What is needed is an exact copy of all the records, written out in full.

*** Given data ***

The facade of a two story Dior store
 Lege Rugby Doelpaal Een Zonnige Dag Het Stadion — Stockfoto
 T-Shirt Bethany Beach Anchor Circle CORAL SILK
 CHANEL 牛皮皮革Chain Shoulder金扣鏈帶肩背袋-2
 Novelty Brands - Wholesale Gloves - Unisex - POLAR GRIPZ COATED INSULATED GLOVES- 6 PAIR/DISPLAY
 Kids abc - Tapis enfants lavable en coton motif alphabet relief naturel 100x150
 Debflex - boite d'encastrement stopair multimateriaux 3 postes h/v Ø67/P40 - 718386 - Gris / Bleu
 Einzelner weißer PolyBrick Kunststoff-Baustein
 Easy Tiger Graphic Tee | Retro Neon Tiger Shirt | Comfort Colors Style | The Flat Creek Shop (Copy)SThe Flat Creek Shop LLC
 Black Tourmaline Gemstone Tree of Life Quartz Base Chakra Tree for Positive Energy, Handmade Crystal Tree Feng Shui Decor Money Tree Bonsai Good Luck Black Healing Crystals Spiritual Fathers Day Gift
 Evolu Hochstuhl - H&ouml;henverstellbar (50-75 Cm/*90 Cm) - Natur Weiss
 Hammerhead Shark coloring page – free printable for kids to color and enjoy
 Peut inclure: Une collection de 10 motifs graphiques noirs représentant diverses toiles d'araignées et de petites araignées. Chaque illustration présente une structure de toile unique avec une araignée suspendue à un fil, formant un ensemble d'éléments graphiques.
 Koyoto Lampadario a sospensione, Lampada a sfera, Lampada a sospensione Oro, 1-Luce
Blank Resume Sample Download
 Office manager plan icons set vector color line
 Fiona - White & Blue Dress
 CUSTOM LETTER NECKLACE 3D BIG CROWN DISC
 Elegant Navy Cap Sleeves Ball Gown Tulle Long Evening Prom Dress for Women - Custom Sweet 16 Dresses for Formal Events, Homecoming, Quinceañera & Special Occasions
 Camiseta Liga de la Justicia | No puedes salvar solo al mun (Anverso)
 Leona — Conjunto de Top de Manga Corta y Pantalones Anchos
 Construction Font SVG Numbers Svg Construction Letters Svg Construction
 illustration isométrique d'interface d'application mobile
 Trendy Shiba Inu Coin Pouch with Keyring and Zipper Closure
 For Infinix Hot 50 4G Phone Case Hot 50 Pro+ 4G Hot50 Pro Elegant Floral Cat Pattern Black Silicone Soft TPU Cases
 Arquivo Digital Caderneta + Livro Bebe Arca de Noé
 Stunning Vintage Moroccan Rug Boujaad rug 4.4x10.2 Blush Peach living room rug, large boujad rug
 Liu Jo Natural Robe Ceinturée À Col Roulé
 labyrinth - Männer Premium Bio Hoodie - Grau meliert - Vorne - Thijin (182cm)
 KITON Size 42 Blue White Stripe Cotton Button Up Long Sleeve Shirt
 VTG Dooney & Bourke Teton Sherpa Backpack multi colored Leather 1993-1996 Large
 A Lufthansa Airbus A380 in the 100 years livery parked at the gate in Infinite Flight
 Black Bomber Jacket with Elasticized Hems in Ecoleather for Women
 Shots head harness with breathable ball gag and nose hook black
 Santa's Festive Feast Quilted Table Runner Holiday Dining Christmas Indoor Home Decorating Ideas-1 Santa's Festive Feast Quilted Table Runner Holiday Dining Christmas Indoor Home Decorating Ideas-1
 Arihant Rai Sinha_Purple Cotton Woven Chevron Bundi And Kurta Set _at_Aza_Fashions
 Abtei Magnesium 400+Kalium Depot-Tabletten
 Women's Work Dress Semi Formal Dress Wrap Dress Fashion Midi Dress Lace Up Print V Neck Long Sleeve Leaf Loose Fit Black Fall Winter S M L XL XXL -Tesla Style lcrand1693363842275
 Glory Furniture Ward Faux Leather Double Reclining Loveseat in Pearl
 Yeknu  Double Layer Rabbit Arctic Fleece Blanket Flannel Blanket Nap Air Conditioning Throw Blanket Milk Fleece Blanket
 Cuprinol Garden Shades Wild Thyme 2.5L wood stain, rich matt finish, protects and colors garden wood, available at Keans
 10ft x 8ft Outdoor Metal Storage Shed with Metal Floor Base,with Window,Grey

*** End of Given data ***

> [Solution]:
The facade of a two story Dior store
 Lege Rugby Doelpaal Een Zonnige Dag Het Stadion — Stockfoto
 T-Shirt Bethany Beach Anchor Circle CORAL SILK
 CHANEL 牛皮皮革Chain Shoulder金扣鏈帶肩背袋-2
 Novelty Brands - Wholesale Gloves - Unisex - POLAR GRIPZ COATED INSULATED GLOVES- 6 PAIR/DISPLAY
 Kids abc - Tapis enfants lavable en coton motif alphabet relief naturel 100x150
 Debflex - boite d'encastrement stopair multimateriaux 3 postes h/v Ø67/P40 - 718386 - Gris / Bleu
 Einzelner weißer PolyBrick Kunststoff-Baustein
 Easy Tiger Graphic Tee | Retro Neon Tiger Shirt | Comfort Colors Style | The Flat Creek Shop (Copy)SThe Flat Creek Shop LLC
 Black Tourmaline Gemstone Tree of Life Quartz Base Chakra Tree for Positive Energy, Handmade Crystal Tree Feng Shui Decor Money Tree Bonsai Good Luck Black Healing Crystals Spiritual Fathers Day Gift
 Evolu Hochstuhl - H&ouml;henverstellbar (50-75 Cm/*90 Cm) - Natur Weiss
 Hammerhead Shark coloring page – free printable for kids to color and enjoy
 Peut inclure: Une collection de 10 motifs graphiques noirs représentant diverses toiles d'araignées et de petites araignées. Chaque illustration présente une structure de toile unique avec une araignée suspendue à un fil, formant un ensemble d'éléments graphiques.
 Koyoto Lampadario a sospensione, Lampada a sfera, Lampada a sospensione Oro, 1-Luce
Blank Resume Sample Download
 Office manager plan icons set vector color line
 Fiona - White & Blue Dress
 CUSTOM LETTER NECKLACE 3D BIG CROWN DISC
 Elegant Navy Cap Sleeves Ball Gown Tulle Long Evening Prom Dress for Women - Custom Sweet 16 Dresses for Formal Events, Homecoming, Quinceañera & Special Occasions
 Camiseta Liga de la Justicia | No puedes salvar solo al mun (Anverso)
 Leona — Conjunto de Top de Manga Corta y Pantalones Anchos
 Construction Font SVG Numbers Svg Construction Letters Svg Construction
 illustration isométrique d'interface d'application mobile
 Trendy Shiba Inu Coin Pouch with Keyring and Zipper Closure
 For Infinix Hot 50 4G Phone Case Hot 50 Pro+ 4G Hot50 Pro Elegant Floral Cat Pattern Black Silicone Soft TPU Cases
 Arquivo Digital Caderneta + Livro Bebe Arca de Noé
 Stunning Vintage Moroccan Rug Boujaad rug 4.4x10.2 Blush Peach living room rug, large boujad rug
 Liu Jo Natural Robe Ceinturée À Col Roulé
 labyrinth - Männer Premium Bio Hoodie - Grau meliert - Vorne - Thijin (182cm)
 KITON Size 42 Blue White Stripe Cotton Button Up Long Sleeve Shirt
 VTG Dooney & Bourke Teton Sherpa Backpack multi colored Leather 1993-1996 Large
 A Lufthansa Airbus A380 in the 100 years livery parked at the gate in Infinite Flight
 Black Bomber Jacket with Elasticized Hems in Ecoleather for Women
 Shots head harness with breathable ball gag and nose hook black
 Santa's Festive Feast Quilted Table Runner Holiday Dining Christmas Indoor Home Decorating Ideas-1 Santa's Festive Feast Quilted Table Runner Holiday Dining Christmas Indoor Home Decorating Ideas-1
 Arihant Rai Sinha_Purple Cotton Woven Chevron Bundi And Kurta Set _at_Aza_Fashions
 Abtei Magnesium 400+Kalium Depot-Tabletten
 Women's Work Dress Semi Formal Dress Wrap Dress Fashion Midi Dress Lace Up Print V Neck Long Sleeve Leaf Loose Fit Black Fall Winter S M L XL XXL -Tesla Style lcrand1693363842275
 Glory Furniture Ward Faux Leather Double Reclining Loveseat in Pearl
 Yeknu  Double Layer Rabbit Arctic Fleece Blanket Flannel Blanket Nap Air Conditioning Throw Blanket Milk Fleece Blanket
 Cuprinol Garden Shades Wild Thyme 2.5L wood stain, rich matt finish, protects and colors garden wood, available at Keans
 10ft x 8ft Outdoor Metal Storage Shed with Metal Floor Base,with Window,Grey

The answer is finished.